→ **Problem details**: Wherever the word "Breathable" turns up in a line of the entries, copy that line.
****
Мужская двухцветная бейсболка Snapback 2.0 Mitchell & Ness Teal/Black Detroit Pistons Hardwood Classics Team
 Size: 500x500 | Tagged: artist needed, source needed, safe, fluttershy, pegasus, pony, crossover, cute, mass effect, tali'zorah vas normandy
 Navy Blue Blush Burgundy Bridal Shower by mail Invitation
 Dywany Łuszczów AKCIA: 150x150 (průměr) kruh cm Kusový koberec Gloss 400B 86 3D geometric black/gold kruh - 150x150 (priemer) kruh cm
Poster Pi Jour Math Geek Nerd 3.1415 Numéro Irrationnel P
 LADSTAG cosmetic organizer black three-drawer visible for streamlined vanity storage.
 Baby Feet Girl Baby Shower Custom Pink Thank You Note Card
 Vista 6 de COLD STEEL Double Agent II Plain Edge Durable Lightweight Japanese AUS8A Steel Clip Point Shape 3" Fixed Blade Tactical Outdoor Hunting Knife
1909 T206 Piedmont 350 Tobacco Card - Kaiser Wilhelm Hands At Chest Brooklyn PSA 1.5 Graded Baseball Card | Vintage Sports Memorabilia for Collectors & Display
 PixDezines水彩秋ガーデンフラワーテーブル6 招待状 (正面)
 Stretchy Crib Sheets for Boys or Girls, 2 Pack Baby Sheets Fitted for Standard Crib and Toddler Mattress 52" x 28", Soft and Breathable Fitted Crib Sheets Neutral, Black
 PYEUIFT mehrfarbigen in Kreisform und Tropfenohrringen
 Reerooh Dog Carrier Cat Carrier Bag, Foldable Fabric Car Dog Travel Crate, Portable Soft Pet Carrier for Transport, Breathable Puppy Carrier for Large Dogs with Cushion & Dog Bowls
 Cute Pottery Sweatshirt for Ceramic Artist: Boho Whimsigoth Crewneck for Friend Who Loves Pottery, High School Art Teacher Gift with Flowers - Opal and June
****
→ **Solution to the problem**:
 Stretchy Crib Sheets for Boys or Girls, 2 Pack Baby Sheets Fitted for Standard Crib and Toddler Mattress 52" x 28", Soft and Breathable Fitted Crib Sheets Neutral, Black
 Reerooh Dog Carrier Cat Carrier Bag, Foldable Fabric Car Dog Travel Crate, Portable Soft Pet Carrier for Transport, Breathable Puppy Carrier for Large Dogs with Cushion & Dog Bowls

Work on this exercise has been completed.